#### Task to carry out:
Every line of the data that includes "floors" should be copied out.

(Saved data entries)
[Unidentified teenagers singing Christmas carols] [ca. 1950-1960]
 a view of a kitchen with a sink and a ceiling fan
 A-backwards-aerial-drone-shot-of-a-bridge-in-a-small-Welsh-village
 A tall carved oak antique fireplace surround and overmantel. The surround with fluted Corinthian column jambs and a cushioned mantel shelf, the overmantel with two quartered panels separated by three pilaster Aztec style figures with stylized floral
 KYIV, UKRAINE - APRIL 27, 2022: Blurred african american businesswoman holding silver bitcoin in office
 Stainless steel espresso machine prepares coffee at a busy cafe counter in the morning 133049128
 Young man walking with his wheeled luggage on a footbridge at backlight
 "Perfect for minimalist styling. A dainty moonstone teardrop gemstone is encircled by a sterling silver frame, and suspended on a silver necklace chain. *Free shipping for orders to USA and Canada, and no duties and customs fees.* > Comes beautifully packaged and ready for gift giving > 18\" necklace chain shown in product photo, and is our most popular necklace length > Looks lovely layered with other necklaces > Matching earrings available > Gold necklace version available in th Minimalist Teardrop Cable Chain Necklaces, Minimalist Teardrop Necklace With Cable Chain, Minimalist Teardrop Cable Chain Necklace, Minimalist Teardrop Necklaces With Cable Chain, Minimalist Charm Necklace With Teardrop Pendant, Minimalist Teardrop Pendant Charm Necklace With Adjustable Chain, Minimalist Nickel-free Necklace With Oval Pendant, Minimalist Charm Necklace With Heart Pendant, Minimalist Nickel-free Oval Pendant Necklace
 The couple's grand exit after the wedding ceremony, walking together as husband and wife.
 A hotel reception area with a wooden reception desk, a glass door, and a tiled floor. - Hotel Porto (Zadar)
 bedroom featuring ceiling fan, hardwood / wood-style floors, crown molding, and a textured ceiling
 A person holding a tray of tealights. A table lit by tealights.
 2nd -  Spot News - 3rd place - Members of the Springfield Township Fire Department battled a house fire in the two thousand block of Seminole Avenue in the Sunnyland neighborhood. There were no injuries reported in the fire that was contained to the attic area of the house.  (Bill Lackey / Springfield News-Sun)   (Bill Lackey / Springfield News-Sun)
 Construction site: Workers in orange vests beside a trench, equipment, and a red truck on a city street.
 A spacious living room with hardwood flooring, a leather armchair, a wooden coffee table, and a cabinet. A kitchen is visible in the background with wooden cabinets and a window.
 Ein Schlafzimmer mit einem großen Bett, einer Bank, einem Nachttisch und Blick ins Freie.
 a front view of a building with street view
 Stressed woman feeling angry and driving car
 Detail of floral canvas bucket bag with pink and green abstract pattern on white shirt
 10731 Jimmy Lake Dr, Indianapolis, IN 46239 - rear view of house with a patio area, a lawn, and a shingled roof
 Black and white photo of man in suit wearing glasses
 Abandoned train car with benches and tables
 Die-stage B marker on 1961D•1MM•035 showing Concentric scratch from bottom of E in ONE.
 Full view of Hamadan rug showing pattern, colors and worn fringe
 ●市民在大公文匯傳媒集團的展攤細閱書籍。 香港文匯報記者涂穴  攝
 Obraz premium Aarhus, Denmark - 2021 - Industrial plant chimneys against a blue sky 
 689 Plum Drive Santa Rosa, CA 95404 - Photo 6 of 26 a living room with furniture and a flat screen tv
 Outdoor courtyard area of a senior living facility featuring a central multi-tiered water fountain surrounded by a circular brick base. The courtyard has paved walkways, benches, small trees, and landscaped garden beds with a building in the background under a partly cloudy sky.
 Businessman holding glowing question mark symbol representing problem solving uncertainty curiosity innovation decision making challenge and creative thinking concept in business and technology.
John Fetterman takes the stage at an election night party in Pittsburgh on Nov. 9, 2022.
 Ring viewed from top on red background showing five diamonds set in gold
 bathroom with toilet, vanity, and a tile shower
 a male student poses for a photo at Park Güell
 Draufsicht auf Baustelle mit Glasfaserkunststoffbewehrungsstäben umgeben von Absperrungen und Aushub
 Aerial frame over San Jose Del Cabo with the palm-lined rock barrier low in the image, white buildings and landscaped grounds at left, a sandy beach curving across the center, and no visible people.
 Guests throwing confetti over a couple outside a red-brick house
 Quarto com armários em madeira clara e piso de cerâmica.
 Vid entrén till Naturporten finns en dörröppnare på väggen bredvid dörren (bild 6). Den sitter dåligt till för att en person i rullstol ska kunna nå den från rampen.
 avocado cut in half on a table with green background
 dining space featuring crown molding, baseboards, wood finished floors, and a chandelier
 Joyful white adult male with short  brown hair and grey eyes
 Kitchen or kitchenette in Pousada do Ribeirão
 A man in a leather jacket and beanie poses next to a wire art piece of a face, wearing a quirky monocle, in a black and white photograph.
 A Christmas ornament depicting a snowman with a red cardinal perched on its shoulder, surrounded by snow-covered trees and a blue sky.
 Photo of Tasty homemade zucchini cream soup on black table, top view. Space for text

#### Response to this exercise:
 bedroom featuring ceiling fan, hardwood / wood-style floors, crown molding, and a textured ceiling
 dining space featuring crown molding, baseboards, wood finished floors, and a chandelier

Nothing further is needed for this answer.